Vertically pointing Ka-band radar measurements are used to derive fall velocity–reflectivity factor ( V t = a Z e b ) relations for frozen hydrometeor populations of different habits during snowfall events observed at Oliktok Point, Alaska, and at the Multidisciplinary Drifting Observatory for the Study of Arctic Climate (MOSAiC). Case study events range from snowfall with highly rimed particles observed during periods with large amounts of supercooled liquid water path (LWP > 320 g m−2) to unrimed snowflakes including instances when pristine planar crystals were the dominant frozen hydrometeor habit.
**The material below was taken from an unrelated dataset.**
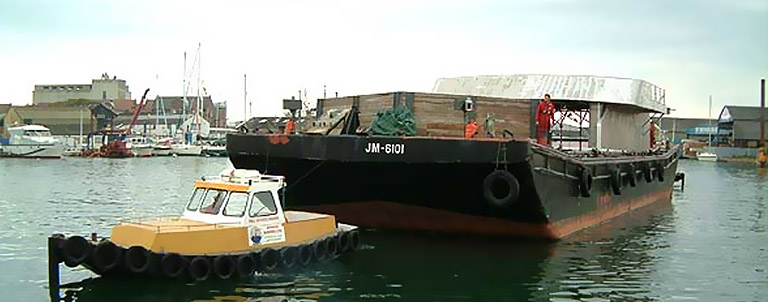 Beaver workboat towing Flat deck cargo barge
The prefactor a and the exponent b in the observed Vt Ze relations scaled to the sea level vary in the approximate ranges 0.5–1.4 and 0.03–0.13, respectively (reflectivities are in mm6 m−3 and velocities are in m s−1). The coefficient a values are the smallest for planar crystals (a ∼ 0.5) and the largest (a > 1.2) for particles under severe riming conditions with high LWP. There is no clear distinction between b values for high and low LWP conditions. The range of the observed Vt Ze relation coefficients is in general agreement with results of modeling using fall velocity–size (υt = αDβ ) relations for individual particles found in literature for hydrometeors of different habits, though there is significant variability in α and β coefficients from different studies even for a same particle habit. Correspondences among coefficients in the Vt Ze relations for particle populations and in the individual particle υt D relations are analyzed. These correspondences and the observed Vt Ze relations can be used for evaluating different frozen hydrometeor fall velocity parameterizations in models.

Significance Statement

Frozen hydrometeor fall velocities influence cloud life cycles and the moisture transport in the atmosphere. The knowledge of these velocities is also needed to enhance remote sensing of snowfall parameters. In this study, the relations between fall velocities and radar reflectivities of snowflakes of different types and shapes are quantitively analyzed using observations with vertically pointing radars.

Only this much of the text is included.